Именно в этот жаркий период, мы нашей большой семьей, отправлялись на дачу. И об одной из таких поездок я хочу рассказать, потому что для меня она стала особенной. Правда, понял я это гораздо позже, немного повзрослев.

Итак, «зачинщиком» этих семейных вылазок на природу был мой многоуважаемый дед. Хочу немного рассказать об этом человеке, прежде чем начну свою историю.

У каждого человека на свете есть или был дед – это закономерность, но не каждый может похвастать своим дедом. Я отношу себя к той половине людей, которые могут это сделать. Да, похвастать было чем. Он дослужился до профессора в своей науке. Заканчивал педиатрический факультет, но позже, решил, что фтизиатрия ему ближе и переквалифицировался. Теперь представьте себе, какими знаниями надо обладать, чтобы сменить один профиль на совершенно другой, абсолютно отличный. Но не будем о его успешной карьере врача, а перейдем к его внешности. Это был высокий, статный мужчина с волевым подбородком. Высокий лоб его обрамляла густая серебристая шевелюра, постоянно прикрытая, либо кепкой, либо шляпой (которых у него был ни один десяток), лицо всегда было начисто выбрито. Его серо-прозрачные глаза страшили и настораживали даже самого безрассудного и равнодушного человека. Походка у него была министерская.

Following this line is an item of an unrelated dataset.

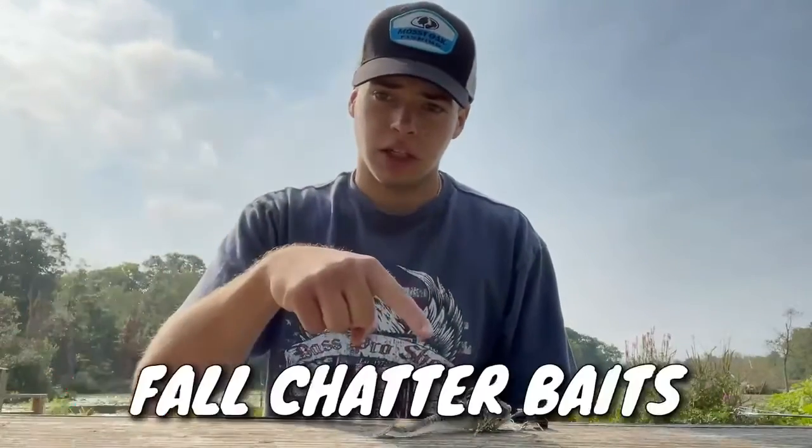Welcome back to another episode of A&Fishing. Today we're going to be talking about the chatterbait. We're going to be doing a little tips and tricks on how you guys can catch more fish this time of year going into the fall and late summer.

Спокойный и уверенный шаг (дед не был суетливым), прямая, несмотря на его годы, осанка и заложенные за спину руки придавали пущей важности его загадочной персоне. Характер же его был, не побоюсь сказать этого слова, деспотичным. Может я и преувеличиваю, но мой дед был из того времени, когда многие мужчины были строги, немногословны. Достаточно было одного взгляда (острого и пронизывающего), чтобы все поняли, чего желает глава семейства. Лицо его никогда не выражало радости, то есть он не улыбался, более того выражение молчаливого неудовольствия не покидали его лица. Хотя многие и говорят, что в молодости за ним водилось изображать радостную гримасу, я в это верю с трудом, хотя… молодость – молодость. Тем не менее, с возрастом у него не появились мимические морщинки вокруг глаз, а это поверьте мне, уже немалозначительный признак… Наверное, если бы я был психологом, то с легкостью поставил бы диагноз — «патологический лидер» (если такой термин существует). Дед обладал гениальным складом ума, (как в принципе, и все в нашем роду) и поэтому пользовался огромным авторитетом.

Как я уже отмечал, в семье его почитали и даже боялись. Это можно было прировнять, к уважению, граничащему с беспомощностью без главы и с беспомощностью перед главой. Ни один из членов не осмеливался сесть за стол, раньше Главы, а тем более начать есть. Могу привести множество примеров на эту тему и рассказать немало историй, связанных с характером моего деда. Ну вот, хотя бы одна из них, которая была задолго до моего появления в это мире.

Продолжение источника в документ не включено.